Contrairement à ce que l’on croit, l’eau conserve parfaitement les matériaux. A condition toutefois qu’ils restent toujours à l’abri de l’air. Heureusement, tel était le cas dans les couches de vase ou de sable des rives des lacs.

«Généralement, les archéologues ne disposent presque que d’objets en métal, en pierre ou en verre pour interpréter le passé», explique Marc-Antoine Kaeser.

«Pour ce qui concerne la période des lacustres, nous avons en revanche retrouvé de nombreux restes organiques, poursuit-il. Il s’agit d’objets en bois et même de noisettes, de pommes séchées ou d’aliments qui nous permettent de comprendre les habitudes alimentaires et le mode de vie de ces peuples.»

Encore de nombreux secrets

Pourtant, à l’occasion de ce 150e anniversaire, les archéologues lancent un cri d’alarme. L’urbanisation croissante sur les bords des lacs, et surtout la pollution, vont détruire en peu d’années un patrimoine inestimable qui était parvenu à traverser les millénaires.

Il se trouve encore aujourd’hui sur les rives des lacs des milliers d’objets qui pourraient nous permettre de remonter le long cours de l’histoire et de révéler encore de nombreux mystères qui entourent la vie de nos ancêtres.

Une question en particulier reste ouverte. Pourquoi les lacustres ont-ils choisi de vivres dans ces terrains marécageux et humides? A cela, l’exposition de Zurich n’apportera pas de réponse. Mais ce n’est pas son objectif.

«Avec les diverses manifestations organisées cette année à travers toute la Suisse, nous voulons plutôt faire revivre la fièvre pour les peuples lacustres, en montrant que la réalité archéologique est aussi fascinante que les mondes imaginaires construits pendant des décennies autour du peuple des pilotis», conclut Marc-Antoine Kaeser.

swissinfo, Armando Mombelli
(traduction: Olivier Pauchard)

De 4300 à 800 avant JC: des peuples dits «lacustres» occupent les rivages des lacs suisses et européens.
1854: pour la première fois en Europe, des vestiges sont découverts sur les bords du lac de Zurich.
2004: une vingtaine de musées suisses organisent des expositions pour fêter ce 150e anniversaire.

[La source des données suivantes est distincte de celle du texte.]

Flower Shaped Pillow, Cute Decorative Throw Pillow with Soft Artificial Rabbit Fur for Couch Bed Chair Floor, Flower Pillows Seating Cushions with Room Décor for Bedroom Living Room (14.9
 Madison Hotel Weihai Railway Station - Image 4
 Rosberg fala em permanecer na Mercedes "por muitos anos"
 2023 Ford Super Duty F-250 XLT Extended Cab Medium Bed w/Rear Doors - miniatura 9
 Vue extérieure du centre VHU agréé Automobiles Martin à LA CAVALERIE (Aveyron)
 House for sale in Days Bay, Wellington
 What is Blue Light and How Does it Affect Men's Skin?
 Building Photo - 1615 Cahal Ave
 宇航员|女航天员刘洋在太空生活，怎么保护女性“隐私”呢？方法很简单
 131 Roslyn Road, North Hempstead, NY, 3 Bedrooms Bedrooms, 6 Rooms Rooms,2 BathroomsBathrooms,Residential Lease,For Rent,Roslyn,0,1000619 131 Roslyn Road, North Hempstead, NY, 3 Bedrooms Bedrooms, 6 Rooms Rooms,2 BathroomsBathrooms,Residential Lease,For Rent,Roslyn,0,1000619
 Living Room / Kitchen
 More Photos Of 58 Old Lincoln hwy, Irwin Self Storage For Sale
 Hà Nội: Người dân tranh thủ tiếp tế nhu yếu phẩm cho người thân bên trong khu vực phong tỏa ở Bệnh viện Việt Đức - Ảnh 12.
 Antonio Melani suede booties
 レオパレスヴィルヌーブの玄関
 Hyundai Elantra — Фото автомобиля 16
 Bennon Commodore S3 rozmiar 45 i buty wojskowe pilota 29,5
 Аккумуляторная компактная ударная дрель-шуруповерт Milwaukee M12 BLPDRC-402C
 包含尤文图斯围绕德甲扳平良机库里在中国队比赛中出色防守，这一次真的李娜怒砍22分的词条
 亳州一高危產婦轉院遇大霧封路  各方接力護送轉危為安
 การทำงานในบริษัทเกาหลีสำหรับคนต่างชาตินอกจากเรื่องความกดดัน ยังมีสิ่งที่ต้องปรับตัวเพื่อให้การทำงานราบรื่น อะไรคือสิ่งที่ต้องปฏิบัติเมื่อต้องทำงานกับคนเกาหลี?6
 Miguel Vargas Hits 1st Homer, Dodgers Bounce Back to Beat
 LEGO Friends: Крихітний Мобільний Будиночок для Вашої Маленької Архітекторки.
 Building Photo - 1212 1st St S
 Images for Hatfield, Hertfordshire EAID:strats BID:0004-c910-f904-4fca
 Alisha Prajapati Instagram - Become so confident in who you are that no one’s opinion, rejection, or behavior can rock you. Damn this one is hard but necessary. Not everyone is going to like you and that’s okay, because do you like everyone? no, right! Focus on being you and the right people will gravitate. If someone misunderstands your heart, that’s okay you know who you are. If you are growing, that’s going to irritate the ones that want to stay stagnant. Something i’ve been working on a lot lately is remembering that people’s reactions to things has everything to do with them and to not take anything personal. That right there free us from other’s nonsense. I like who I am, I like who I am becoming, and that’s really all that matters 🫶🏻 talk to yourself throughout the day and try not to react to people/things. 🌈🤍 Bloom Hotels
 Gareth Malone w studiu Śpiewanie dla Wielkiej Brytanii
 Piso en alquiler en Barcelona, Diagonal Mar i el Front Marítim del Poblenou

– L’exposition «Les Lacustres» se tient au Musée national suisse, à Zurich, du 27 février au 13 juin 2004.

– Le public pourra y découvrir 150 objets découverts dans les lacs du pays.

– L’exposition présente également des films qui retracent la vie des peuples lacustres, et aussi des documents remontant à l’époque où les premiers vestiges ont été découverts.

– Le curateur de l’exposition, Marc-Antoine Kaeser, publie un ouvrage intitulé «Les lacustres – archéologie et mythe national» (Presses polytechniques et universitaires romandes, collection «Le savoir suisse»).